In 1971, his work took him to Kamloops, British Columbia, where he began writing a weekly "Outdoor Scene" column for the Kamloops Sentinel. From the column, he moved on to features in BC Outdoors and other magazines.

Shewchuk has also been managing editor of the 12th and 13th editions of The Canadian Writer's Guide, published by Fitzhenry & Whiteside of Toronto, Ontario.

In addition to a lifelong interest in writing, photography and exploring the mountains of western Canada, Shewchuk has been a workshop speaker at writer's conferences across Canada. He has received awards from the Outdoor Writers of Canada, the Northwest Outdoor Writers Association and the Canadian Authors Association.

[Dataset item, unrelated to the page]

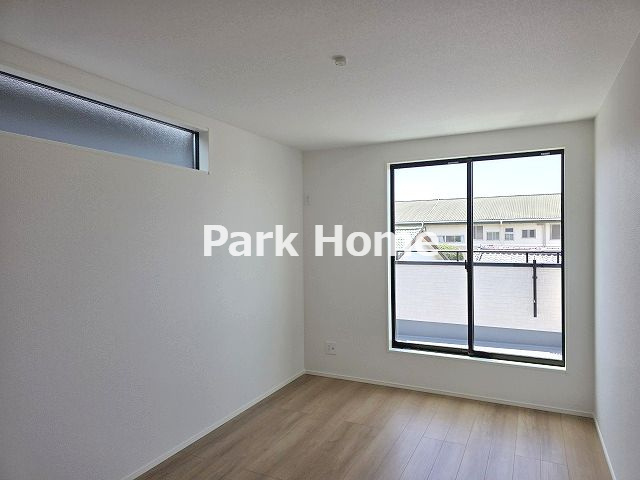 香美市土佐山田町百石町1丁目-2棟1-新築戸建ての洋室|２F：6.7洋室+WIC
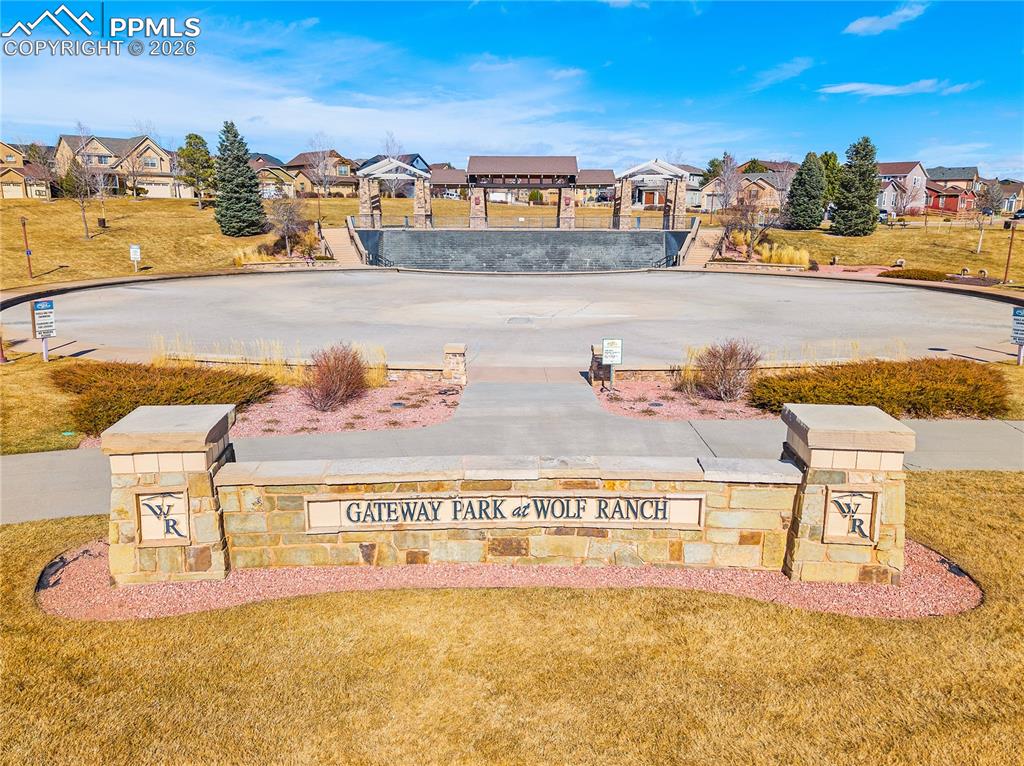 Image 43 of 48: Just minutes to Gateway park.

He is one of the founding members and a current board member of the Nicola Valley Museum and Archives.

==Publications==
- Exploring Kamloops Country (1973) Back country exploring in the Kamloops area.
- Fur, Gold & Opals (1975) Rockhounding, history and back country exploring.
- Exploring the Nicola Valley (1981) A guide to Merritt and the Nicola Valley.
- Cariboo
- The Craigmont Story (1983) The history of a mid 20th century copper mine.
- Backroads Explorer Vol. 1: Thompson-Cariboo (1985) Lytton to Barkerville.
- Backroads Explorer Vol. 2: Similkameen & South Okanagan (1988) Manning Park to Kelowna.
- Coquihalla Country: An Outdoor Recreation Guide (1990) Hope - Merritt - Kamloops.
- Okanagan Country: An Outdoor Recreation Guide. (1992) Osoyoos to the Shuswap.
- Coquihalla Country: A Guide to the North Cascade Mountains and the Nicola Valley (Complete update - 1997).
- Okanagan Trips & Trails: A Guide to Backroads and Hiking Trails in BC's Okanagan-Similkameen Region (co-authored with Judie Steeves in 1999).